Tuesday, February 26, 2013

The Analog World vs. The Digital World

by Linda Nelson

Last Friday, Judith and I took our Board of Directors to Playwrights Horizons, in Manhattan, to see Annie Baker's new play, "The Flick."

We thought it would be appropriate: after all, the play is set in a small New England town's single screen movie theater at a time when the theater is ready to give up its beautiful 35mm projectors and go digital.

The Stonington Opera House is at that same place. In late March, our gorgeous, loyal, hard-working 1941 Simplex 35mm projector will be replaced by a true Digital Cinema system. For the record, digital cinema is not your grandma's DVD's, or even Blu-Rays. To keep doing what we're doing, bringing first run movies to you shortly after they open on our big screen, we need a big, sophisticated system that will allow the movie distribution companies to ship us hard drives rather than cannisters of 35mm film. We will be able to slot the hard drives into a special server, punch in a code to prevent movie piracy, and show the movie according to the schedule pre-booked with the distributor.

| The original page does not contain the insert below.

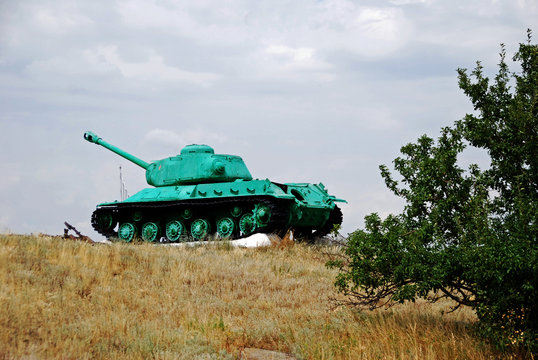 An IS-2 Josef Stalin tank stands on west bank of the River Don near Kalach on Don, southern Russia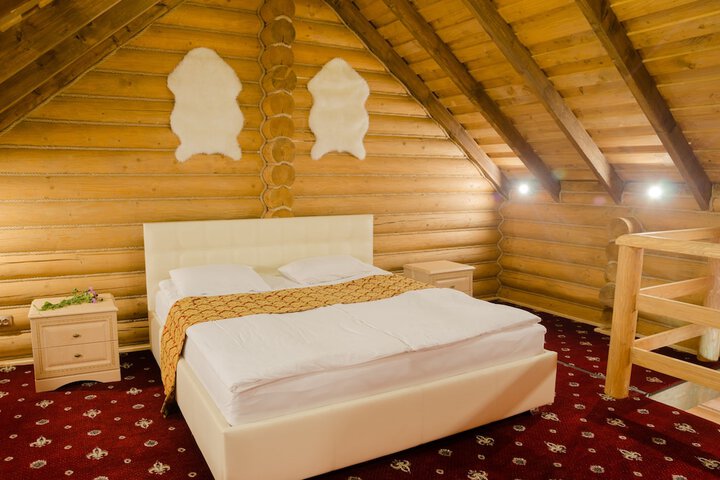 Room 4 of 79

But our board didn't love Baker's "The Flick." They found it long and boring: following a couple of working class guys as they clean an old, single screen movie theater between shows, without the action or quick dialogue to which we've become accustomed. Like Baker's earlier plays, especially "The Aliens" which we produced in early 2012, "The Flick" is a masterpiece of working class realism, filled with silences and the power of ordinary, not extraordinary, dialogue. In what I think is an important way, "The Flick" isn't enough of the digital world, in which we all talk quickly and have multiple conversations simultaneously, through our phones and computers and headsets. "The Flick" is about the analog world, the one that happens slowly, in between the others; the one that happens "to" people more than "by" people. And the truth is, many of us have fallen out of love with analog. We want our agency, we want our MTV.

In an essay for the show materials, Baker reveals her own love affair, and then her falling out of love, with celluloid movies: "From age 9 to 19, movies were my greatest happiness. They were the thing that got me through the day. Watching a movie was always, always What I’d Rather Be Doing. I never felt fully present in my life, except when I was watching a movie...The point is, I fell out of love with film and when I tried to fall back in love with it I was shocked to realize that most of our country had fallen out of love with it too. But instead of falling in love with the theater, they had fallen in love with computers."

The cast of "The Flick," the new play by
Annie Baker at Playwrights' Horizons.
Live theater, by contrast, is extremely analog. Real sweating bodies on the stage right in front of us. You never know what might happen: lines might be missed, pants may rip, the actors may laugh or cry. It's unpredictable and never the same, kind of smelly and intimidating to those who have only ever known film and TV. Live theater is an analog experience, and we value and produce both at the Stonington Opera House: live theater + film.

But what about this nearly three hour play? If Baker's mission is to create a dynamic realism in which we are immersed in the experiences and worlds of her characters, and if her characters' world is, in this case, tiny, repetitive, and even grim...then how are we to reconcile being asked to sit through that world? That's what our board members wanted to know, and it's not an unreasonable question. They experienced the same thing as these characters in their lives. They were bored. They were restless--we all were. Mostly, we were uncomfortable: first physically, then intellectually, and finally--if we allowed it to take us this far--emotionally. I think Annie Baker evoked the response she wanted. But without the entertainment factor, will enough audience members be able or willing to follow her there?

In moving to digital cinema, we're taking a bold leap into a new world. Gone will be the craft of splicing together reel after reel of 35mm film, of lacing up and oiling the projector, of flipping on the rectifier, opening the dowser, adjusting the framing knob and the lens focus. It's a pretty tedious world, the world of any handcraft, in which motions and actions are repeated over and over again to ensure a quality experience for the viewer.

OHA's Artistic Advisory Board comprised of theater
artists, meeting on February 23: some of the artists had
more sympathy for "The Flick" than the
governing trustees. Photo by Alicia Anstead.
But it's one that might be worth experiencing, even in its tedium. It's one that is worth remembering -- or at least being enough aware of it to say a proper goodbye. It's one that, like so many others, demands our empathy -- and maybe even some compassion.

Baker says "The Flick" is "about the theater that will always happen between the movies." And our attentiveness to that theater of life could be important to how we move forward, together or apart, into our shared futures.